Which formula should I use for a patient with tachycardia?
For patients with heart rates above 100 bpm, the Bazett formula is known to overcorrect, producing falsely elevated QTc values that may not reflect true repolarization prolongation. In tachycardia, Fridericia (cube-root correction) and Framingham (linear correction) consistently outperform Bazett in population studies and are preferred by the FDA for drug safety assessments. Rautaharju's formula, derived from over 57,000 subjects, also minimizes overcorrection at extreme heart rates. When Bazett gives a prolonged result in a tachycardic patient but Fridericia and Framingham are normal, the Bazett result may represent formula overcorrection rather than true pathological QT prolongation. Document which formula was used and why when recording QTc in clinical notes.
Why is the QTc threshold different for men and women?
Women naturally have a longer QTc than men due to hormonal influences — particularly the role of testosterone in shortening cardiac repolarization in men. This sex difference is well established in large epidemiological studies and is reflected in gender-specific clinical thresholds from the ACC/HRS and ACEP. Normal QTc for men is generally accepted as below 440–450 ms, while for women it is below 460 ms. This means a value of 455 ms might be borderline in a man but normal in a woman. Women are also more susceptible to drug-induced TdP than men, accounting for approximately 65–70% of drug-induced TdP cases despite representing only 50% of the population. This biological predisposition makes gender-specific QTc thresholds clinically essential.
Can medications affect QTc even if the value is still within the normal range?

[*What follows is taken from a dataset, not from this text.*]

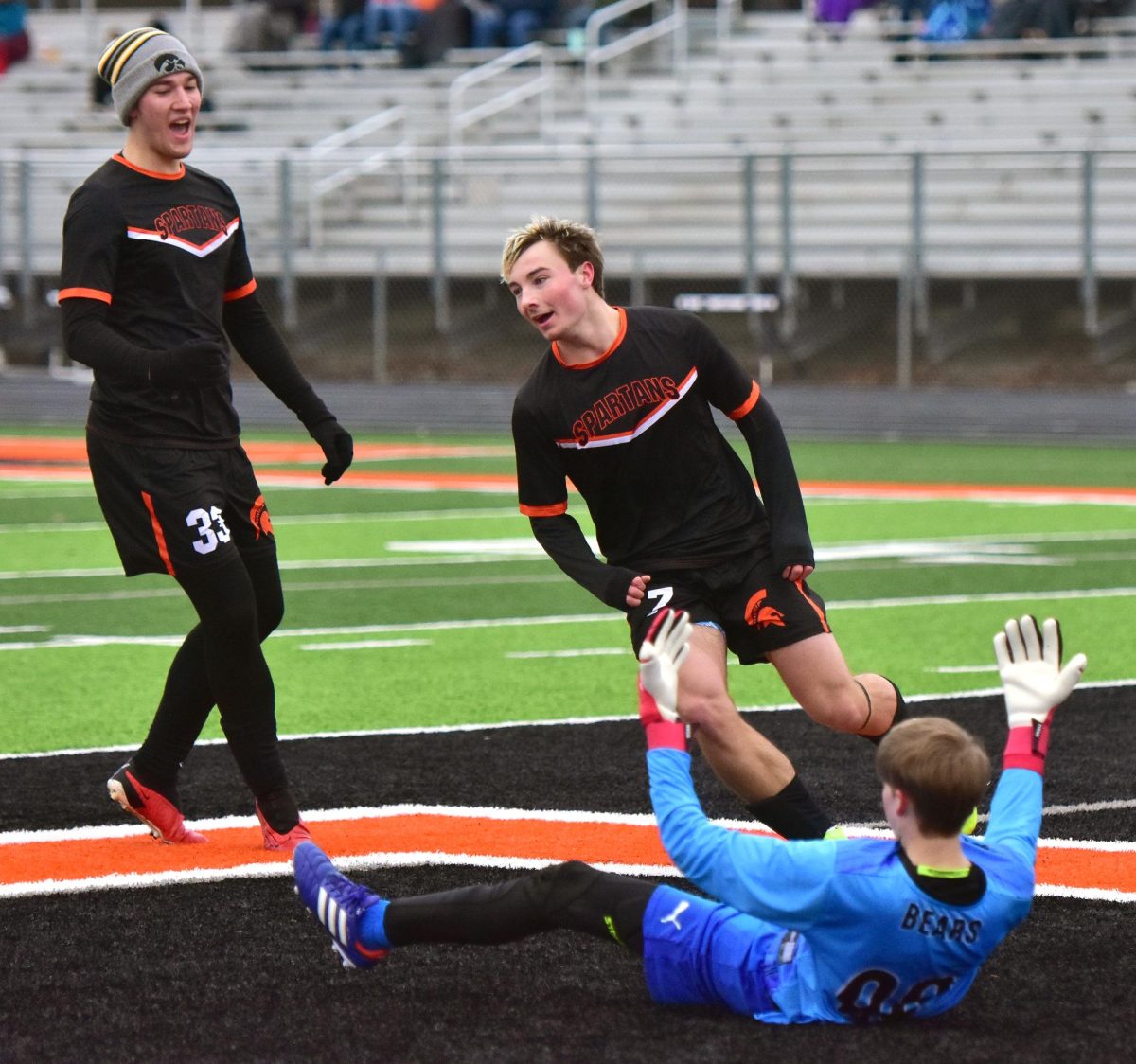 Ryan Locke (33, at left) and Ethan Ulch (7) celebrate Ulch’s goal while West Branch’s keeper cries foul Saturday, April 4, during Solon’s varsity triangular match against the Bears and Clinton River Kings. The Spartans defeated West Branch 3-1 with two goals from Ulch, a senior.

Yes. The absolute QTc value is only part of the picture. Drug-induced QT prolongation is typically assessed by the change from baseline QTc (delta QTc), not just the final value. The FDA Intensive QT monitoring guidelines define a QTc increase of more than 10 ms above baseline as concerning, and an increase above 20 ms as requiring further investigation. A patient whose baseline QTc is 420 ms and rises to 450 ms after starting a QT-prolonging antibiotic has experienced a 30 ms delta — clinically significant even though 450 ms may fall within the borderline range. Always obtain a baseline QTc before initiating high-risk medications and monitor for QTc change during treatment, not just absolute values.
What are the most common causes of acquired QT prolongation?
Acquired (non-congenital) QT prolongation has multiple common causes that often act together to increase TdP risk. Medications are the most frequent cause — particularly antibiotics (macrolides and fluoroquinolones), antipsychotics (haloperidol, quetiapine), antidepressants (citalopram, tricyclics), antiemetics (ondansetron, droperidol), and antiarrhythmics (amiodarone, sotalol, quinidine). Electrolyte disturbances are the second most common cause: hypokalemia impairs cardiac repolarization directly, as does hypomagnesemia and hypocalcemia. Bradycardia itself prolongs the QT interval independently of the corrected value. Systemic conditions including hypothyroidism, hypothermia, and structural heart disease also contribute. Female sex, older age, and underlying subclinical genetic LQTS variants increase individual susceptibility to all these triggers.